A judge ruled Friday that a new North Carolina law cutting job protections for veteran teachers who now enjoy them is unconstitutional and threw into doubt whether school districts can offer longtime educators contracts that sign away those rights for a $5,000 raise.
Superior Court Judge Robert Hobgood said veteran teachers have an established right to a layer of review beyond school administrators when they face firing. His ruling also said the law passed by Republican lawmakers last year violates constitutional rights that protect contracts and prevent governments from taking a person's property.
Abolishing teacher tenure "was not reasonable and necessary to serve an important public purpose," Hobgood said in his ruling.
For more than 40 years, North Carolina law has said veteran teachers cannot be fired or demoted except for reasons that include poor performance, immorality and insubordination.
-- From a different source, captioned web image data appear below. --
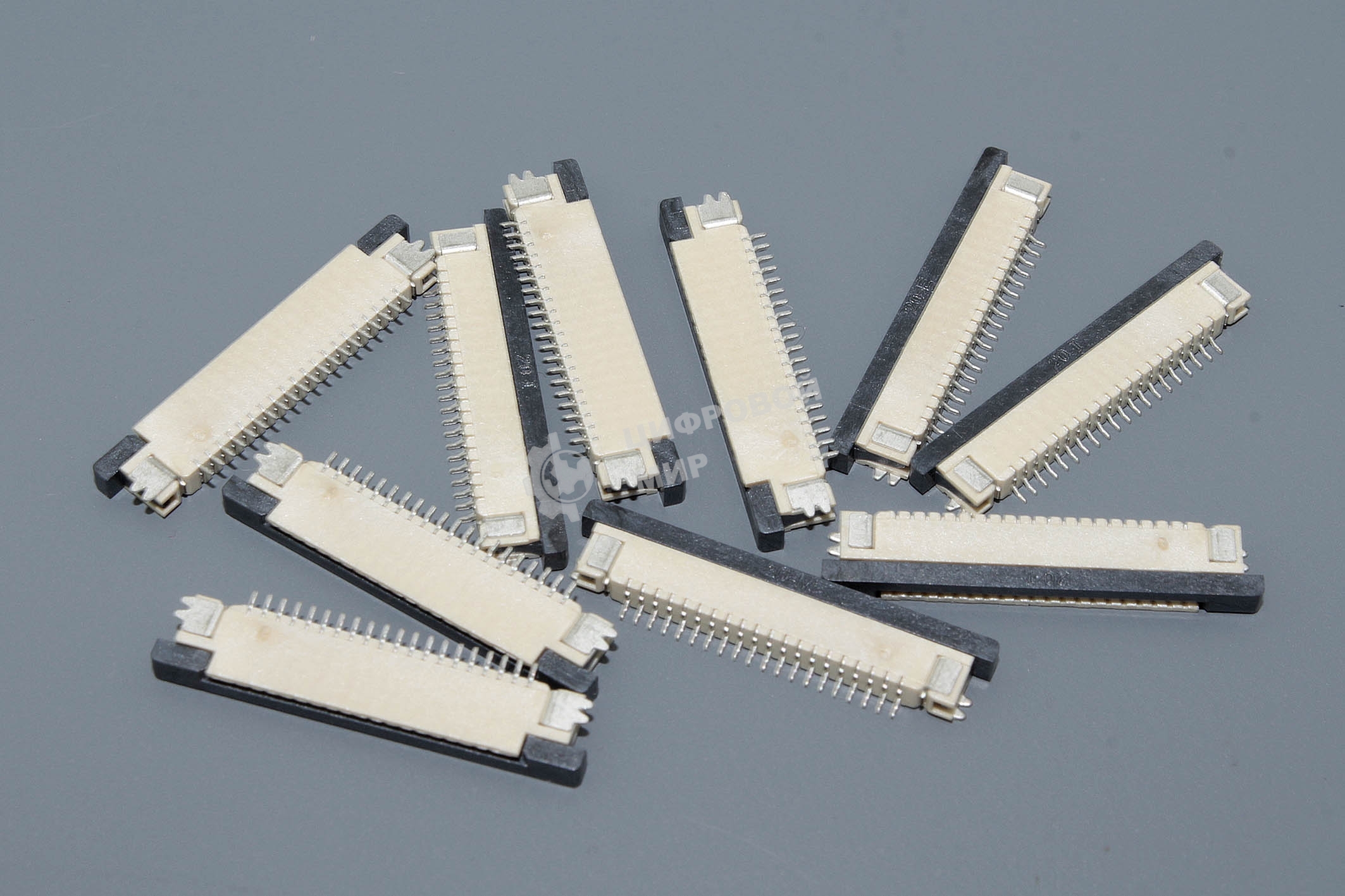 Разъем FPC Half Coverage Bottom Contact 0.8K-BX-20PWB 20 pin высота 2мм шаг 0,8мм 10 шт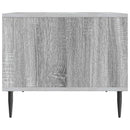 vidaXL Dohányzóasztal Szürke Sonoma 90 x 50 x 40 cm Szerelt Fa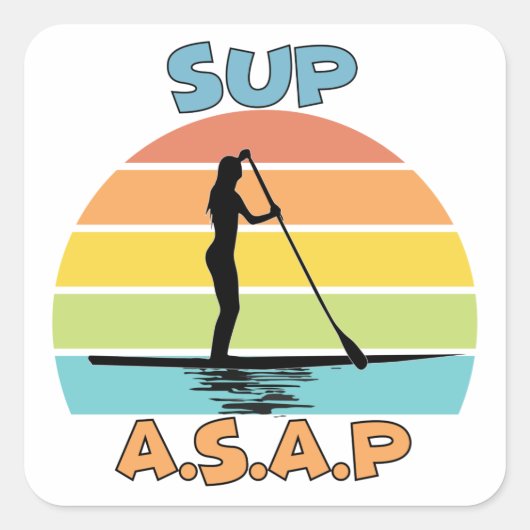 SUP ASAPスタンドアップパドル スクエアシール (正面)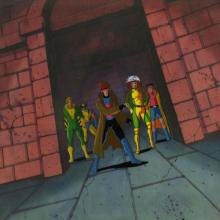 X-Men Phoenix Saga Banshee Group Production Cel - ID: may22231 Marvel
Teachers earning career status after at least four years in a school district also have the right to a hearing where they can challenge their firing or demotion.
Last summer, Republican lawmakers voted to phase out those protections, arguing it will promote sharper classroom performance. Teachers who haven't worked the four years needed to qualify for career status are being offered one-year contracts. Veteran teachers were due to lose their tenure protections in 2018.
The judge's ruling did not include teachers that were hired with the expectation of having tenure rights after four years but who had not yet reached that milestone. That means new teachers can be hired without a claim to tenure rights that veteran teachers who have earned the job protection can continue to enjoy.
State Senate leader Phil Berger, R-Rockingham, promised that the ruling will be appealed. Attorney General Roy Cooper has not decided whether to pursue an appeal, spokeswoman Jennifer Canada said. Lawmakers last year gave legislative leaders the right to defend laws they pass if Cooper refuses.
"Today a single Wake County judge suppressed the will of voters statewide who elected representatives to improve public education and reward our best teachers with raises. This is a classic case of judicial activism," Berger said in a statement.
Hobgood refused a request by a state attorney defending the law to delay the effect of his decision.
Lawyers representing the North Carolina Association of Educators and a half dozen teachers argued to Hobgood earlier this week that eliminating career status wasn't necessary to remove problem teachers. The state attorney defending the law countered that lawmakers can end tenure protections if they think it will improve public schools.
The ruling is likely to delay action by local school boards on another part of the law requiring them to offer the best 25 percent of its teachers four-year contracts. The contracts mean giving up tenure protections in return for $5,000 in raises over the four years. The law states that school boards have to offer the contracts by the end of next month.
A Superior Court judge ruled last week in a separate case that the Guilford County and Durham school boards do not have to issue new teacher contracts to a selected elite 25 percent of educators.
Hobgood bolstered the case against the contracts by ruling legislators gave school administrators "no discernable, workable standards" to decide which teachers to place in the top 25 percent.
Veteran teachers can choose whether or not to accept a contract if one is offered, but Friday's decision means doing so entails signing away job rights they can keep throughout their career, NCAE attorney Ann McColl said.